▶ What this task involves: This calls for a verbatim copy of all the data, with no images carried over.
(Records shown begins)
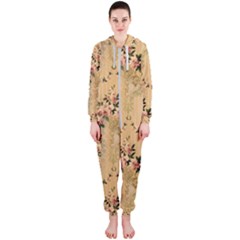 Vintage Floral Pattern Hooded Jumpsuit (ladies) 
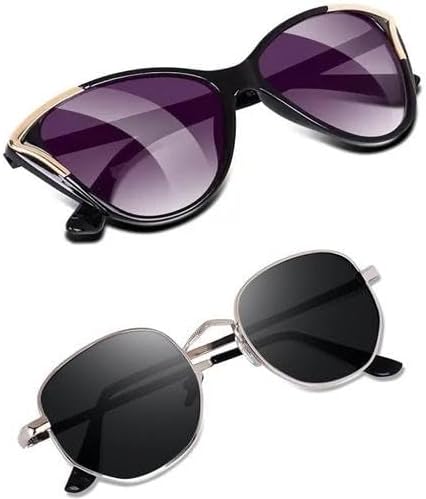 SheomyHexagonal Design SRK PATHAN Eyewear Unisex Combo offer pack of 2 shades glasses Diamond Cat eye Sunglasses Women and Men Small Combo offer pack of Cat Eye Diamond Cut Sunglass MC-035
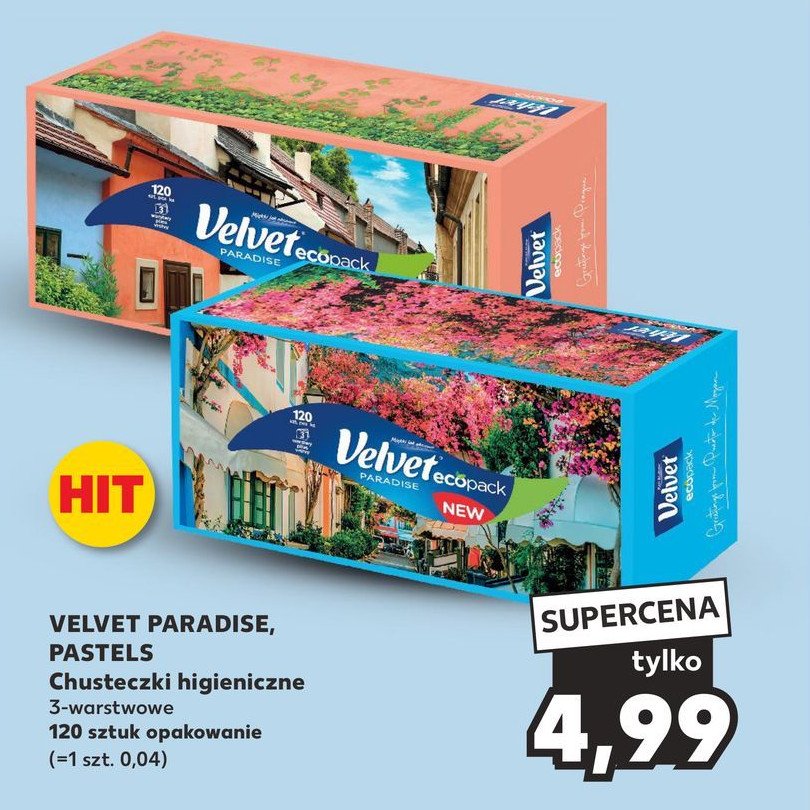 Chusteczki higieniczne paradise Velvet promocja w Kaufland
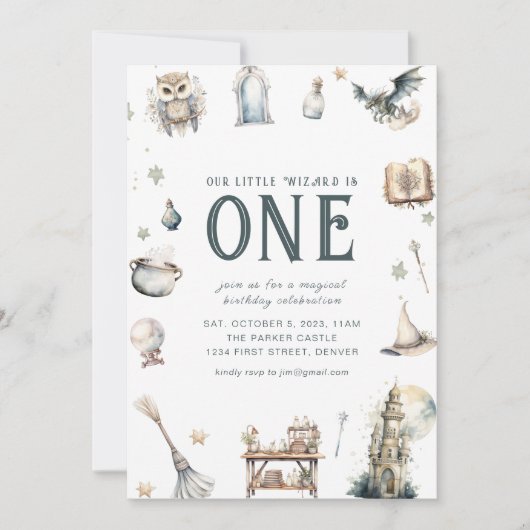 Onze Kleine Tovenaar Verjaardagsuitnodiging Kaart (Voorkant)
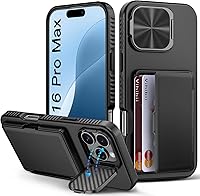 Vista 47 de Funda para iPhone 16 Pro Max con tarjetero (4-5 tarjetas), funda deslizante para cámara y protección de grado militar, a prueba de golpes, Azul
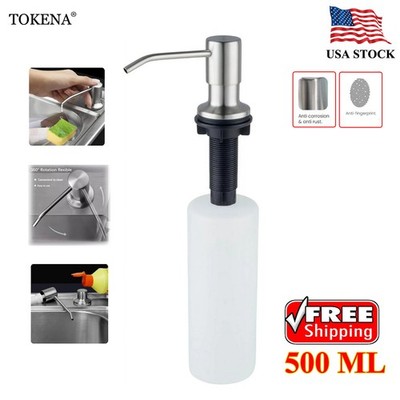 500ml Kitchen Sink Soap Dispenser Stainless Steel Pump Head 17OZ Brushed Nickel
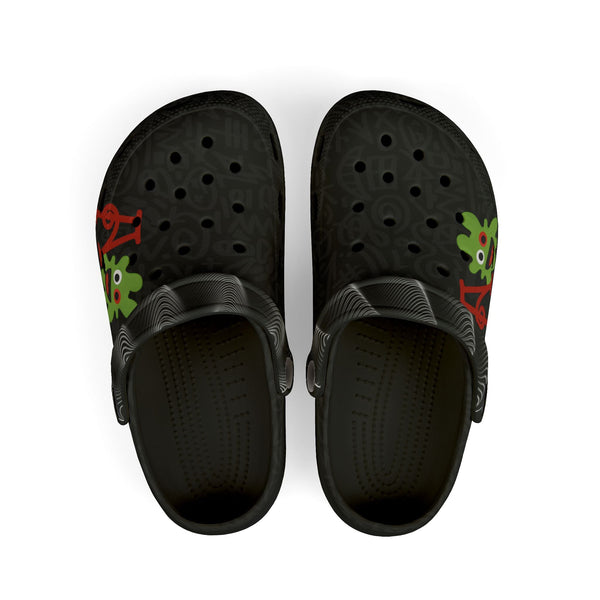 Black Amiba Monster Blob Logo Kid’s Clogs – Fun, Light & Playful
(Records shown ends)
▶ Exercise solution:
 Vintage Floral Pattern Hooded Jumpsuit (ladies) 
 SheomyHexagonal Design SRK PATHAN Eyewear Unisex Combo offer pack of 2 shades glasses Diamond Cat eye Sunglasses Women and Men Small Combo offer pack of Cat Eye Diamond Cut Sunglass MC-035
 Chusteczki higieniczne paradise Velvet promocja w Kaufland
 Onze Kleine Tovenaar Verjaardagsuitnodiging Kaart (Voorkant)
 Vista 47 de Funda para iPhone 16 Pro Max con tarjetero (4-5 tarjetas), funda deslizante para cámara y protección de grado militar, a prueba de golpes, Azul
 500ml Kitchen Sink Soap Dispenser Stainless Steel Pump Head 17OZ Brushed Nickel
 Black Amiba Monster Blob Logo Kid’s Clogs – Fun, Light & Playful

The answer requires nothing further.